A big caveat is that, at least on this task, we seem to need per-entity relative positional values to get good performance.
I believe the reason for this is that per-entity values allow a single attention head/layer to easily access/compute per-entity positional information in a way that is impossible without per-entity values.
Imagine a single head that attends from the actor entity to two entities equally: a snake segment entity and a food entity.
The output of the attention head will be 0.5 * (value[snake] + value[food] + relposvalue[snake.pos] + relposvalue[food.pos]) where value[x] is the normal value vector of x derived from the embedding of entity x, and relposvalue[x] is the relative positional embedding value of the position of entity x.
The actor now has access to the following information:

  • there is a "food" entity
  • there is a "snake segment" entity
  • these two entities are located are at positions snake.pos and food.pos
    Without per-entity relative positional values, the result of the head does not change when the positions of food and snake are switched, which makes it impossible to tell which entitity is at which location. With per-entity positional values however, the head can immediately extract features that tell it where the food and snake entities are located.

While per-entity relative positional values are good solution in the case of this environment, they are also quite limited. If, instead of separate food and snake entities, there was a single entity type with a feature that identifies whether it is "food" or "snake segment", per-entity relpos values wouldn't apply. This seems wrong, we ought to have a solution that works just as well in that case. More generally, the relevant property might not be the entity type, but some arbitrary feature of the entity learned by the network.

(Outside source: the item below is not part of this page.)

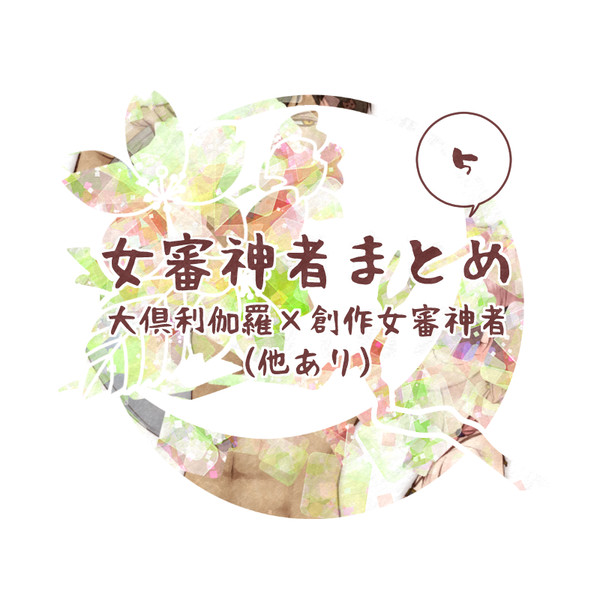 女審神者まとめ⑤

I believe we can come up with a new type of relative positional encoding which is fully general by allowing for a non-linear combination of a (projection of) the entity embeddings and the positional features. Since there are N^2 relative positional values, we probably can't afford a full matmul, but there some cheap-elementwise operations that I think could work well. In particular, a good approach could be to perform an element-wise multiplication of the relative positional values and a projection of the corresponding entity embedding using one of the GLU variants described in Shazeer (2020). This would effectively allow entities to apply an arbitrary gating function to any of the relative positional values, and should be strictly more powerful than per-entity positional encodings.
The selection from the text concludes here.